Page 1 of 2

How The State Divides and Rules

Posted: Wed Feb 06, 2013 5:12 pm
by mapoui
These were former slaves barely a generation removed from shackles. The Colored Farmers’ Alliance started to work extensively with the Southern Alliance, made up of Whites, and the two organizations confederated in 1890. Furthermore, the two organizations cooperated on many initiatives to protect farmers from economic exploitation by larger Southern Institutions. Moreover, the two organizations fused their activity into the Populist Movement and Populist Party that rose in the South during that time. This interracial cooperation, within such a short period after Slavery, mobilized Black and White farm workers into a powerful force threatening the Southern establishment and the political order benefiting the elites.
One of the responses to this rising progressive interracial cooperation by the Southern establishment was supporting Booker T. Washington and financing his Tuskegee machine. Washington would provide an ideological thesis to extinguish the populist activities among Blacks, and neutralize the combined forces of the Colored Farmers’ Alliance and the Southern Alliance by arguing for political disenfranchisement and acquiescence to the forces of the larger Southern agricultural interests. These efforts worked to the detriment of members of both alliances, Black and White.
http://www.blackagendareport.com/conten ... leadership" onclick="window.open(this.href);return false;

Re: How The State Divides and Rules

Posted: Wed Feb 06, 2013 5:18 pm
by mapoui
allyuh must pay special attention to the full potential of Indos and Afros on the west indies team now, and the unifying, progressive to revolutionary tradition of the west indies cricket team.

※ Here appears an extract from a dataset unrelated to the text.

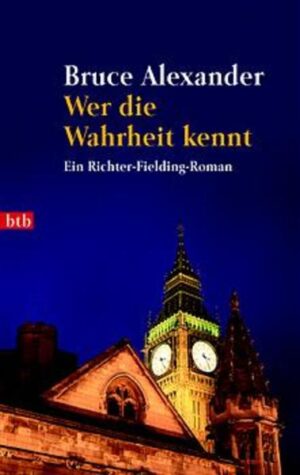 "Der Stoff, aus dem glänzende Unterhaltung gemacht ist" (WASHINGTON POST) - das sind die überaus erfolgreichen Kriminalromane aus dem London des 18. Jahrhunderts, in deren Mittelpunkt der blinde Richter John Fielding und sein treuer Gehilfe Jeremy stehen. Diesmal beunruhigen brutale Raubüberfälle die Menschen in dem Stadtteil, in dem auch Sir John wohnt. Als schließlich ein Mord geschieht, wird Fielding zu Rate gezogen. Es gibt nur wenige Hinweise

the wicb/west indian elite will not want the Indos to be swept up in that tradition, buttresing it, adding to its nationalist unifying power, but would want the Indo separtist urges, as it manifets itself in the indos on the team, to dominate, creating a kind of balance that keeps the team in place, failed yet perhaps not at the bottom but not moving upwards...but yet moving in conservative directions that do not threaten the status quo.

pay attention allyuh :D

Re: How The State Divides and Rules

Posted: Wed Feb 06, 2013 5:26 pm
by mapoui
the state always divides. ALWAYS!

I posted that article and quote above to set up the debate. that is what has been going on in the USA since the 1670's with Bacons Rebellion.

THE ABSOLUTE GROUND LEVEL RULE FOR THE ELITES WAS NEVER TO ALLOW ORDINARY WHITE FOLK AND NIG NOGS..BOTH ON THE BOTTOM LEVELS OF SOCIETY AND CONSTITUTING THE MAJORITY DEMOGRAPHIC... TO UNITE.

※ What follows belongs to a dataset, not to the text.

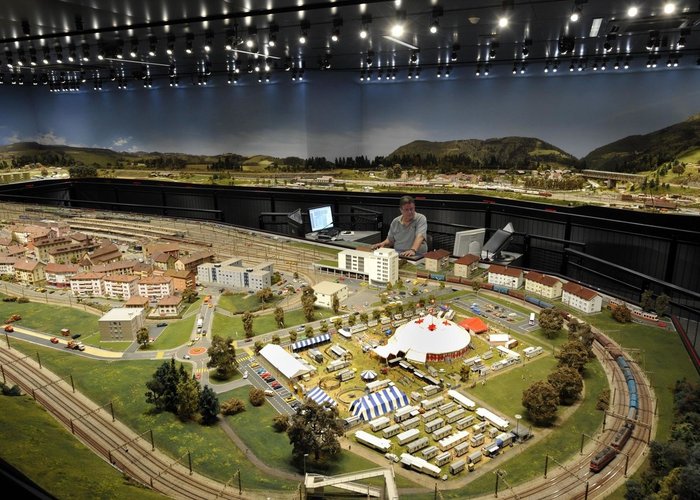 Musee des Chemins de fer du Kaeserberg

american society has been literally organised on that principle for every time those two groups saw their way clear, found any room, they united against the state, battled and won advances the state did not want to give. they actually succeeded in the 1670's and set up a state which the British destroyed with massive cannon fire.

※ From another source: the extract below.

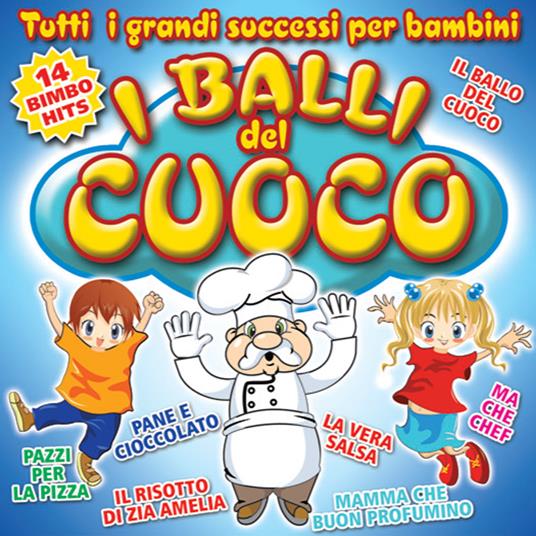 Balli Del Cuoco - CD Audio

modern racist is founded on this reality, history and dread need of the state to keep control. a way had to be found to divide the oppressed and that way is modern racism..the result of centuries of struggle between the enslaved and oppressed..black and white.. and their oppressiors

Re: How The State Divides and Rules

Posted: Wed Feb 06, 2013 5:35 pm
by mapoui
now it is possible to get a clear picture of the black elitist traitor Booker Washington who argued for black people to lose the vote, supported Jim Crow.

all the crap abut Booker T is washed away by approach though political economy or the materialist method, he was elite and represented the elites so class was fundamental not race in that issue although it could be seen or discussed but in racial terms. but race was not decisive at all

it is the very same thing with elitist Obama who looks out for the interest of rich americans... not the people who voted the traitorous skunt into power. that is why everything Obama says is a lie..why all his polices turn out to be disastrous for ordinary people, are exposed to be lies from start to finish.

just watch allyuh at how his Health Plans turns out to cream ordinary americans after all the lies about bringing health to all americans

Re: How The State Divides and Rules

Posted: Thu Feb 07, 2013 2:09 am
by mikesiva
I didn't know that about Booker Washington....

It reminds me about the Maroons in Jamaica, and the free "coloureds" in Jamaica too....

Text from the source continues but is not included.